[Start of Attachment]

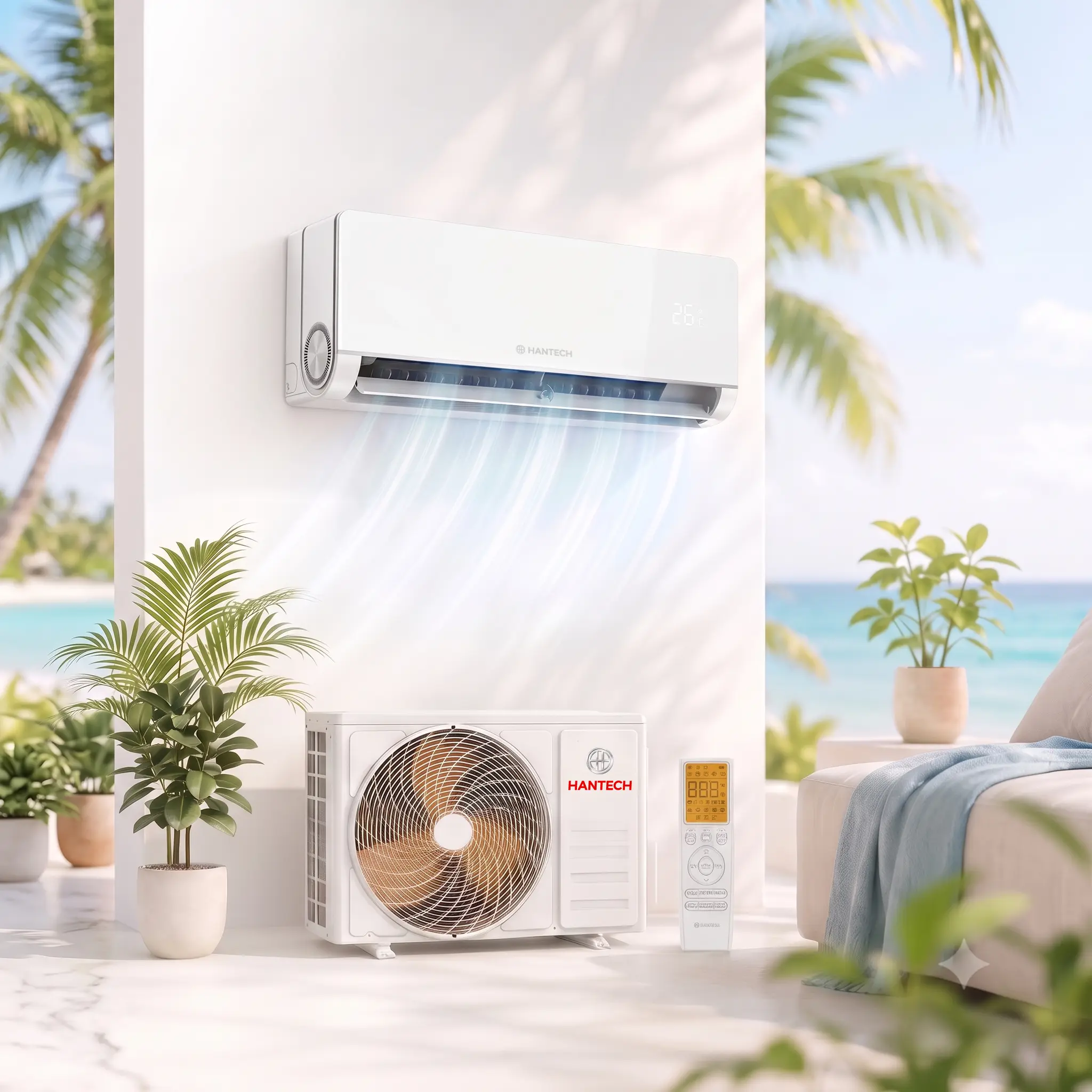 HANTECH H-Plus Klimaanlage: Innengerät, Außengerät und Fernbedienung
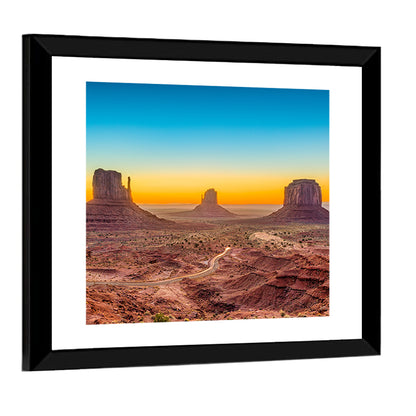 Monument Valley Sunrise with Winding Road Wall Art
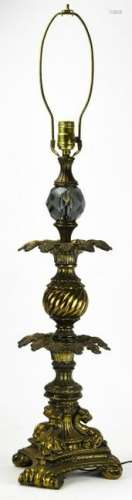 Rococo Style Bronze Tone Ormolu + Topaz Glass Lamp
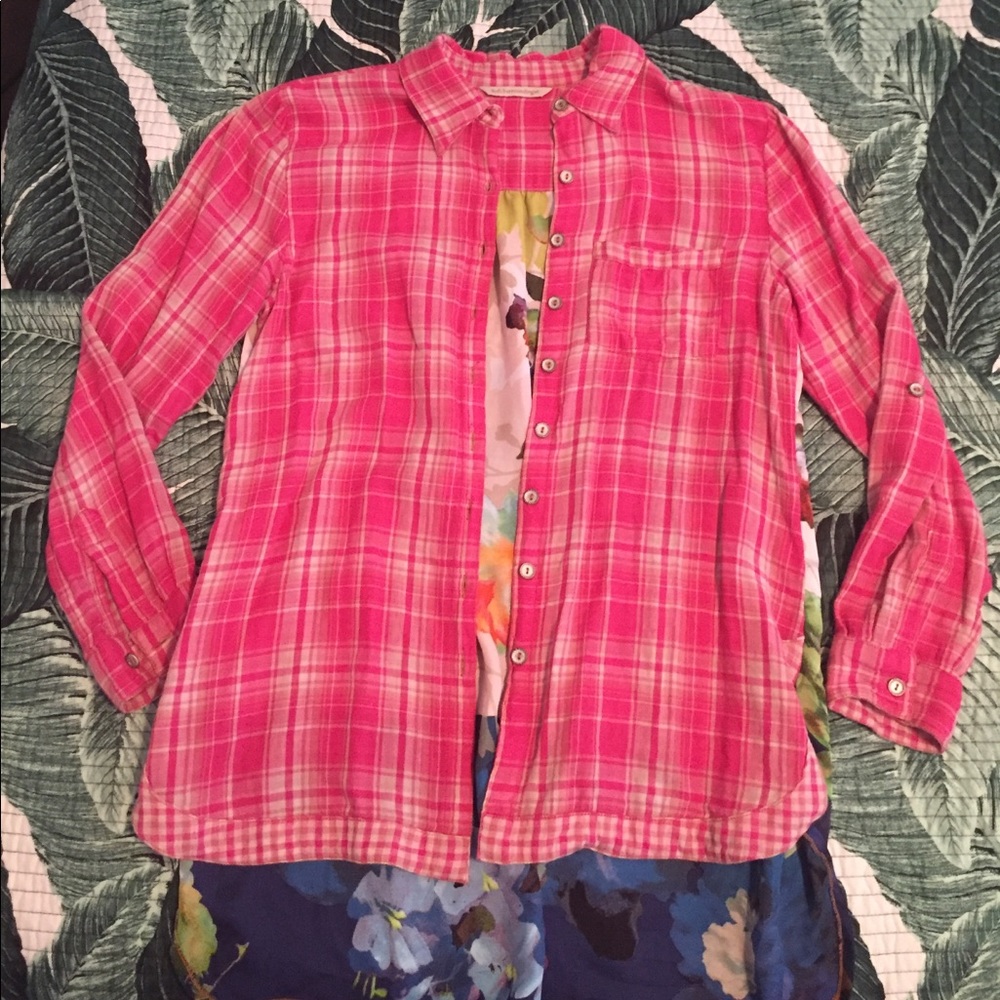 Soft Surroundings Pink Button Up Flannel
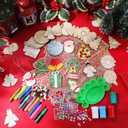 Yerliker 40 Sets Wooden Snowflake for Crafts Unfinished Jingle Bells Wood Painting Crafts Kit Christmas Ornaments Hanging Decorations for Parties Gifts Arts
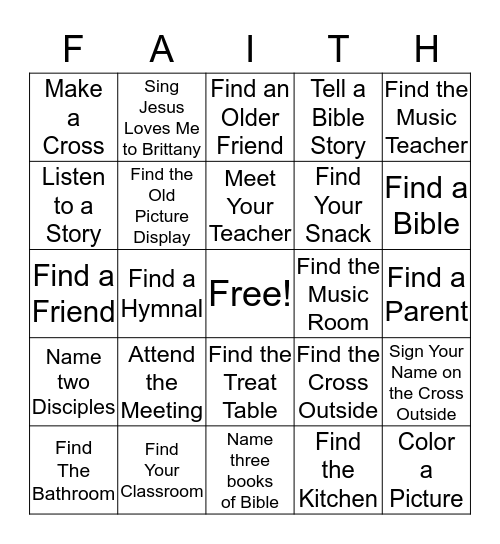 Beaver Valley Sunday School Kickoff Bingo Card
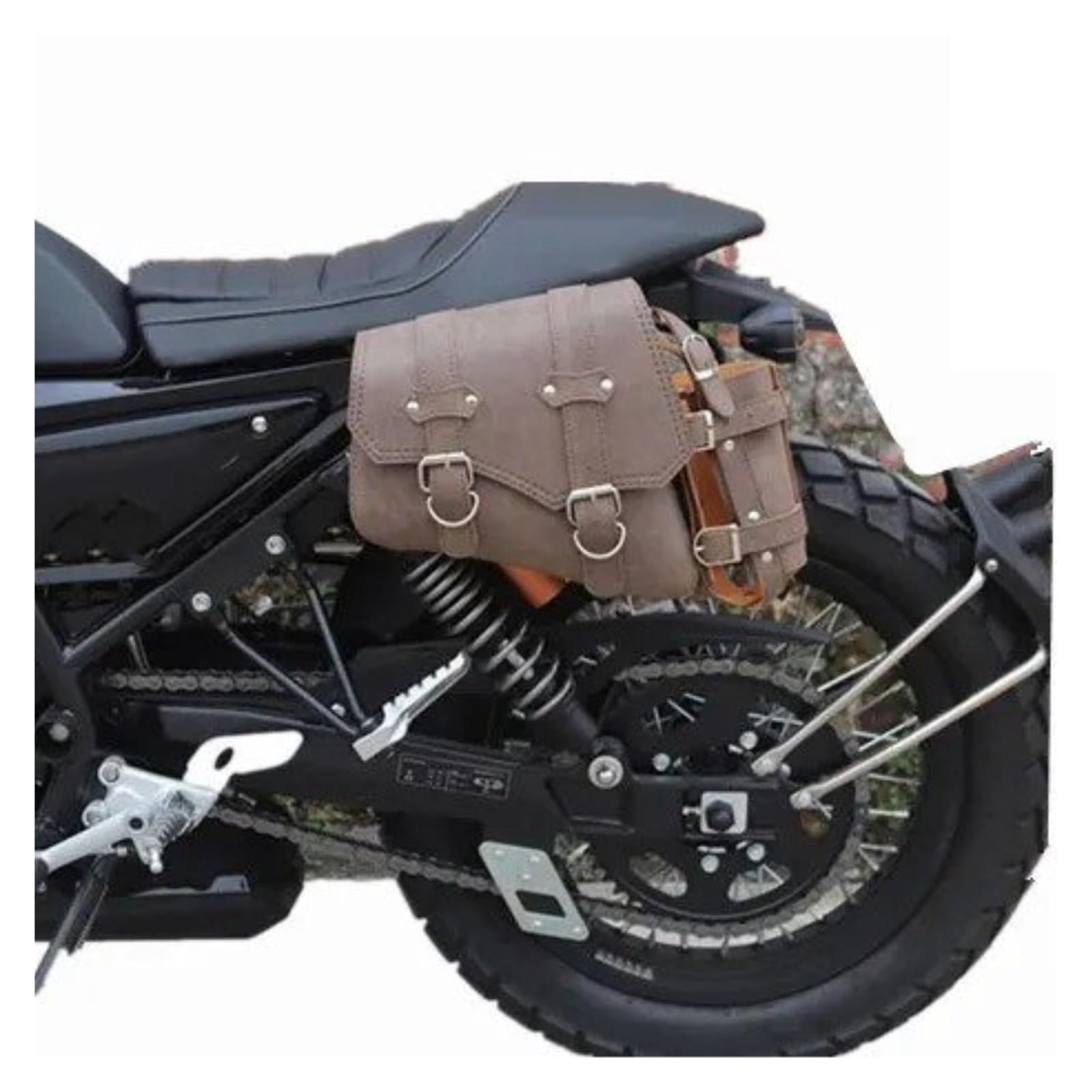 Motorrad-Seitentasche Mit Halterung Für Aprilia/Mondial HPS 125/300 – Leder, Schwarz, 1 Tasche + Halterung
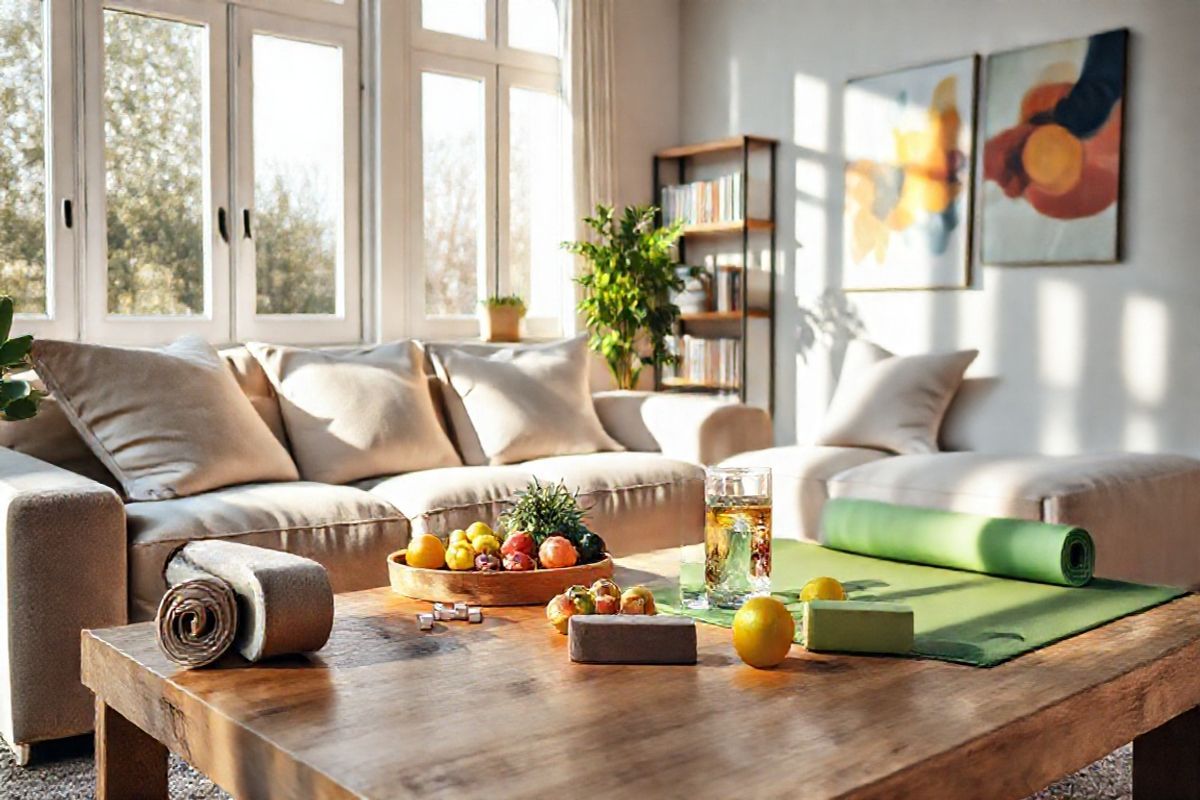 A photorealistic image depicting a serene and inviting home environment that reflects the theme of health and wellness. In the foreground, a cozy living room features a large, plush sofa adorned with soft, neutral-toned cushions. A warm, natural light filters through large windows, casting gentle shadows on a wooden coffee table, which holds an assortment of healthy snacks such as fresh fruits and a glass of water infused with lemon.   On one side, an exercise mat is rolled out, accompanied by light weights and a yoga block, suggesting an active lifestyle. A potted plant, lush and vibrant, adds a touch of nature and tranquility. In the background, a wall-mounted shelf displays books on health, well-being, and fitness, while a colorful abstract artwork adds a pop of color to the space. The overall atmosphere is calm and inviting, emphasizing a balanced approach to health, making it a perfect setting for someone managing conditions like ankylosing spondylitis and osteoporosis. The soft color palette and harmonious arrangement evoke a sense of peace and motivation for both physical and mental well-being.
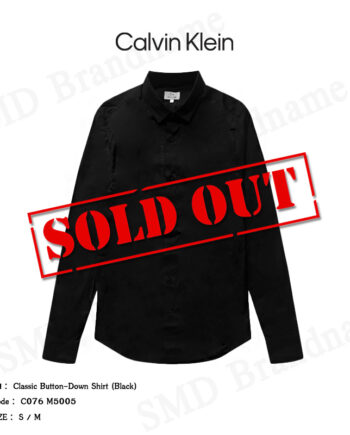 CK Calvin Klein เสื้อเชิ้ตแขนยาว รุ่น Classic Button-Down Shirt (Black) Code: C076 M5005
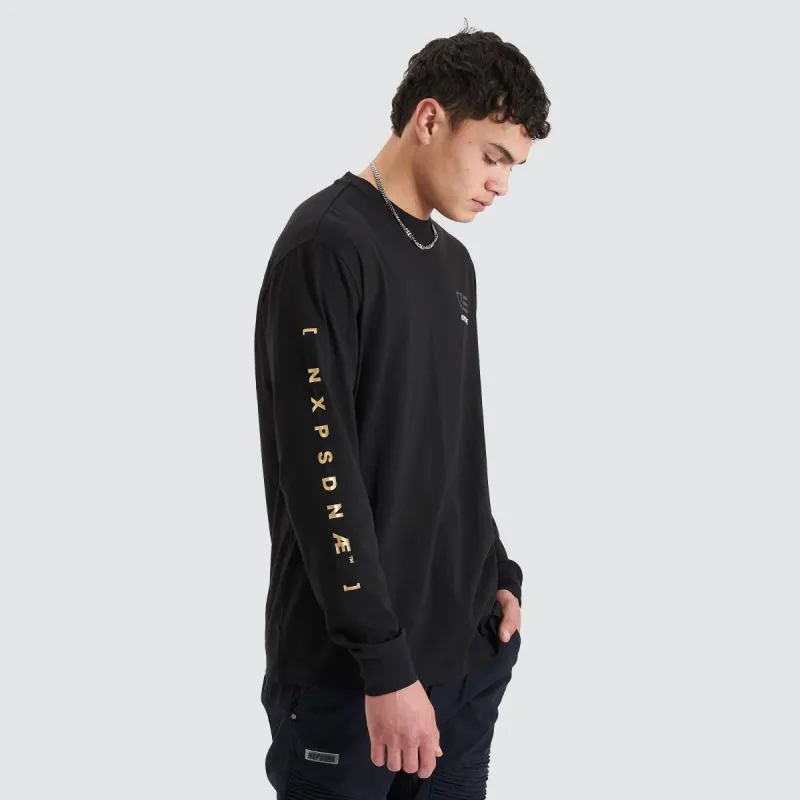 Parti Heavy Relaxed Long Sleeve Tee Jet Black made by Nena and Pasadena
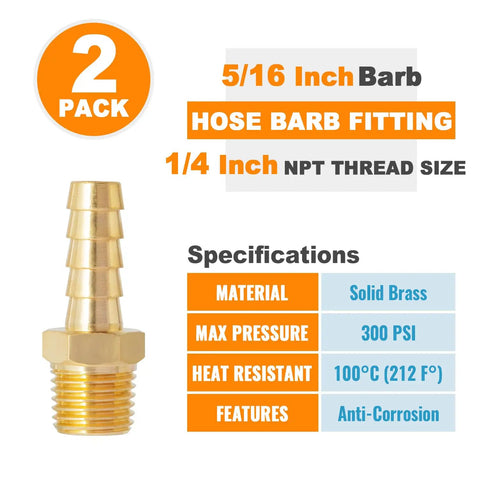 Go-To Brass Hose Barb Fittings 5/16 To 1/4 Inch NPT 2 Pack Air Hose Connector Kit showing specifications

[End of Attachment]

### TASK TO COMPLETE
Repeat each of the records exactly as written, except for the pictures, which are to be left out.

### TASK RESULT
 HANTECH H-Plus Klimaanlage: Innengerät, Außengerät und Fernbedienung
 Monument Valley Sunrise with Winding Road Wall Art
 Rococo Style Bronze Tone Ormolu + Topaz Glass Lamp
 Soft Surroundings Pink Button Up Flannel
 Yerliker 40 Sets Wooden Snowflake for Crafts Unfinished Jingle Bells Wood Painting Crafts Kit Christmas Ornaments Hanging Decorations for Parties Gifts Arts
 Beaver Valley Sunday School Kickoff Bingo Card
 Motorrad-Seitentasche Mit Halterung Für Aprilia/Mondial HPS 125/300 – Leder, Schwarz, 1 Tasche + Halterung
 A photorealistic image depicting a serene and inviting home environment that reflects the theme of health and wellness. In the foreground, a cozy living room features a large, plush sofa adorned with soft, neutral-toned cushions. A warm, natural light filters through large windows, casting gentle shadows on a wooden coffee table, which holds an assortment of healthy snacks such as fresh fruits and a glass of water infused with lemon.   On one side, an exercise mat is rolled out, accompanied by light weights and a yoga block, suggesting an active lifestyle. A potted plant, lush and vibrant, adds a touch of nature and tranquility. In the background, a wall-mounted shelf displays books on health, well-being, and fitness, while a colorful abstract artwork adds a pop of color to the space. The overall atmosphere is calm and inviting, emphasizing a balanced approach to health, making it a perfect setting for someone managing conditions like ankylosing spondylitis and osteoporosis. The soft color palette and harmonious arrangement evoke a sense of peace and motivation for both physical and mental well-being.
 CK Calvin Klein เสื้อเชิ้ตแขนยาว รุ่น Classic Button-Down Shirt (Black) Code: C076 M5005
 Parti Heavy Relaxed Long Sleeve Tee Jet Black made by Nena and Pasadena
 Go-To Brass Hose Barb Fittings 5/16 To 1/4 Inch NPT 2 Pack Air Hose Connector Kit showing specifications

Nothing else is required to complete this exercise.